The motion picture industry now is working with hardware and software providers, as well as with legislators, to come up with a legally mandated technological protection against the wholesale copying of digitized movies, which soon will be available for distribution online.

 

Pending in Congress is legislation containing proposed amendments to the Copyright Act that seeks to ensure protection of digital works. The legislative proposals result from the Clinton administration's "White Paper" on the National Information Infrastructure. The legislation, if enacted, would codify and clarify certain aspects of copyright law online.

 

Senate and House bills, S. 1284 and H.R. 2441, inter alia, propose adding a "transmission" right to the exclusive rights of a copyright owner, prohibiting mechanisms that decode encryption of copyrighted works without authority or otherwise circumvent technological protection and penalizing the tampering with copyright management and identification information.

These legislation proposals, however, still do not address some of the fundamental questions that will arise from the use of the Internet.

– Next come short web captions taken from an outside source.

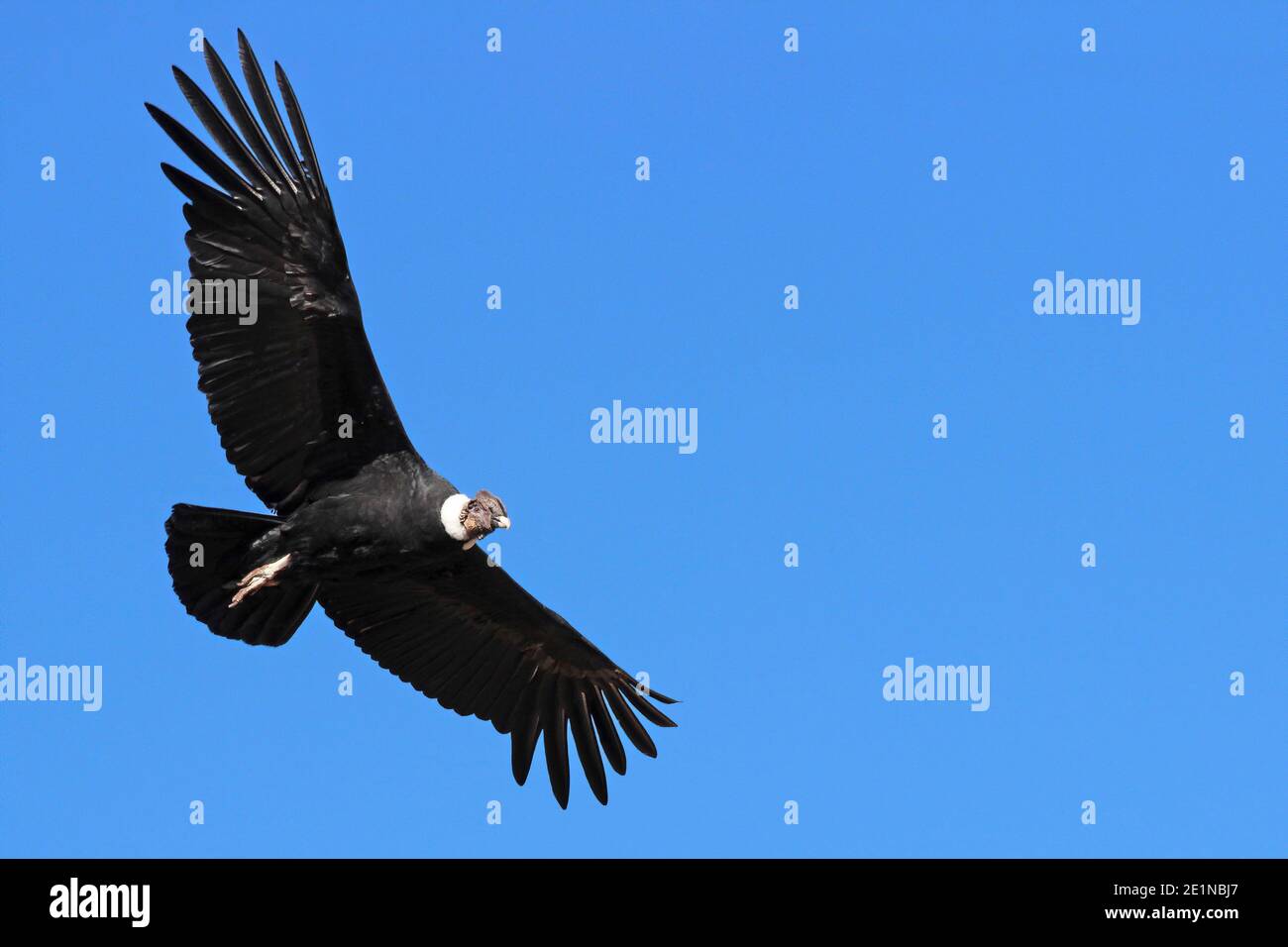 Condor andin Vultur gryphus, Canyon de Colca, Pérou Banque D'Images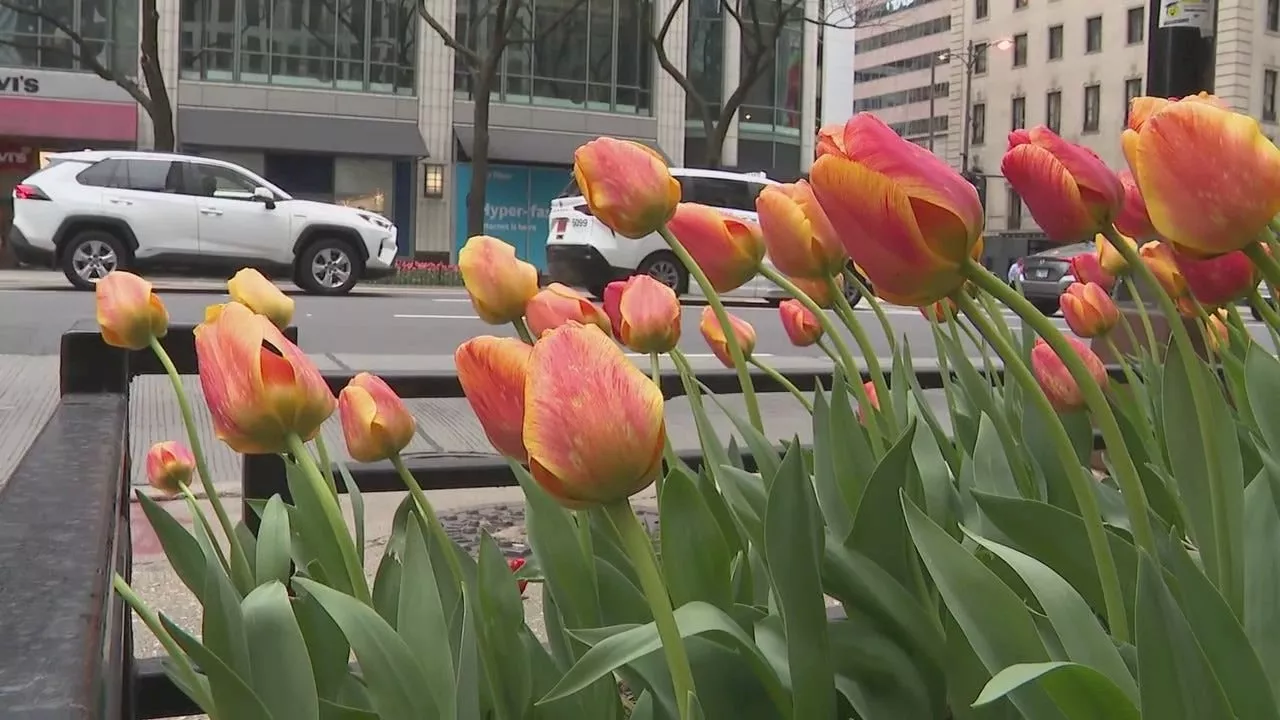 Chicago unveils new 'Magnificent Mile Tulip' in spring display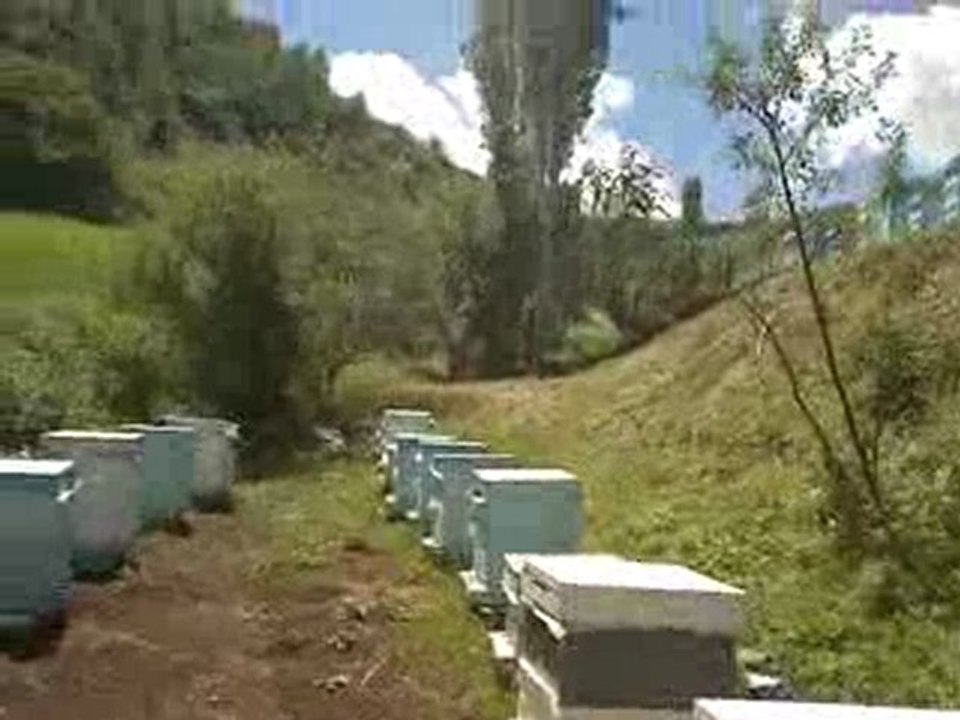 Oğul Alımı-1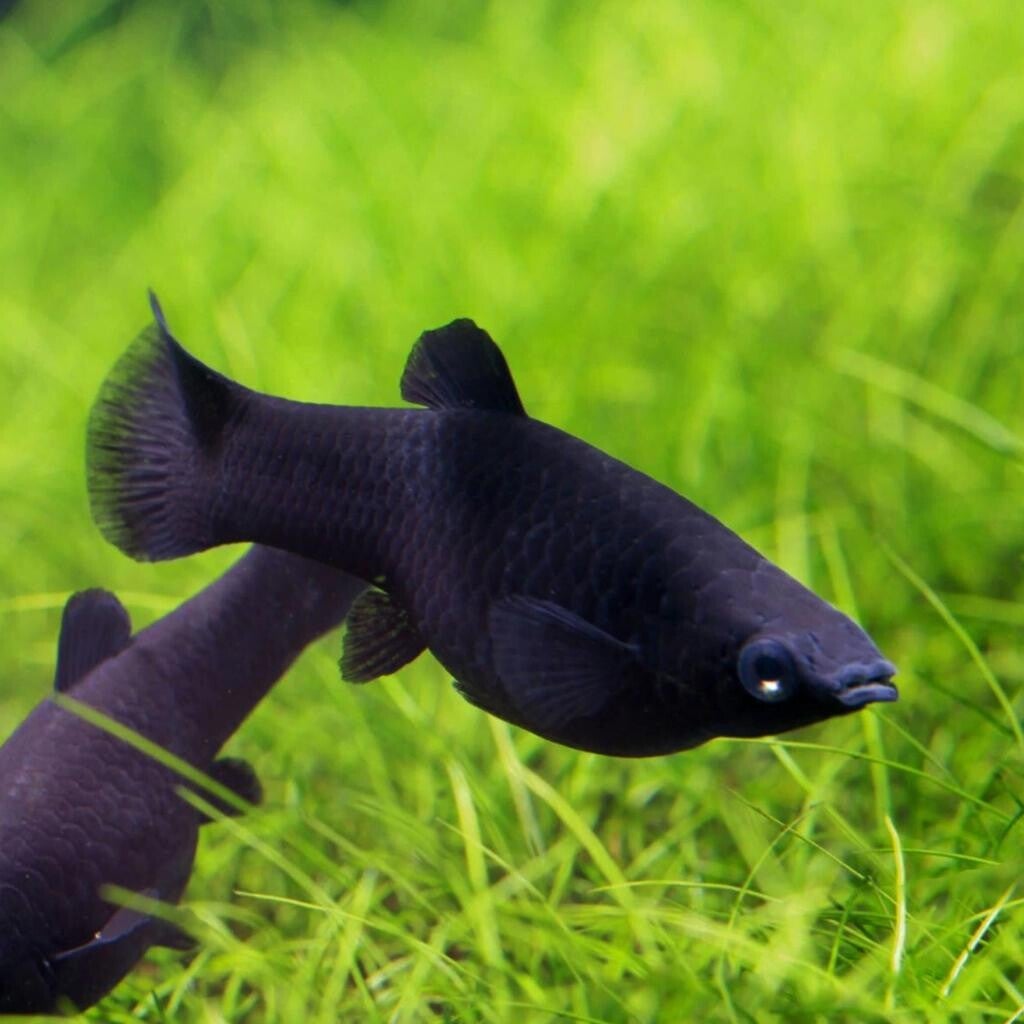 Poecilia sphenops - Black Molly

The courts will still be called upon to establish the rules for copyright in the online world.

 

Pending new technological or legislative fixes, users of the Internet need to be aware of their potential liability for copyright infringement. While the copyright laws include the flexible "fair use" doctrine as a protection for legitimate and reasonable use of copyrighted works, serious infringements likely will not be excused because of the newness of the medium, or because the act of infringement is simple to perform. Just because the Internet makes copying easy doesn't mean it makes copying legal.